He added that he considers “the male soldier responsible for taking a soldier out of the fight just as responsible as the female soldier who must redeploy.”
Is the policy working? Tough to tell as I’m awaiting an answer from Major Allen.
Since the general order was issued Nov. 4, however, seven members of Task Force Marne have been reprimanded, according to the major. Among those, four pregnant soldiers — including one who did not want to identify the other soldier involved — have been returned to their home stations.
UPDATE 12/21/09 at 3 p.m. Central: Major Allen told me that, because the unit has been in country for only a short time, they do not have records sufficient for comparison to the totals since Nov. 4. That in mind, I’ll check back with him in a few months to see if the numbers go up or down.

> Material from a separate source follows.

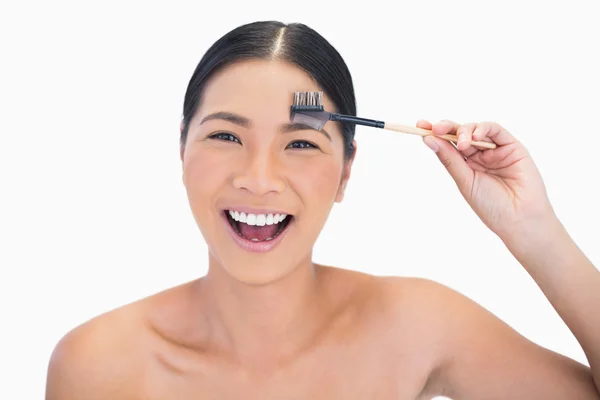 Laughing natural model using eyebrow brush — Stock Photo, Image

UPDATE #2 12/22/09 at 11:08 a.m. Central:
- ABC reports today that General Cucolo has backed off threats of court-martial for pregnant troops and, secondly, that the always-pro-abortion National Organization for Women has entered the fray, quoting NOW President Terry O’Neill as saying, “How dare any government say we’re going to impose any kind of punishment on women for getting pregnant. This is not the 1800s.”
- I didn’t include it in the original post above, but General Cucolo knew his action would attract nutjobs like O’Neill. In the final paragraph of his policy letter, the general wrote, “I do not expect those who have never served in the military to completely understand what I have tried to explain above. Recently I was asked, ‘Don’t you think you are treading on an intensely personal topic?’ As intensely personal as this topic might be, leaving those who depend on you shorthanded in a combat zone gets to be personal for those left, too. This addition to a standing general order is just a small part of our overall effort to motivate thoughtful and responsible behavior among our soldiers.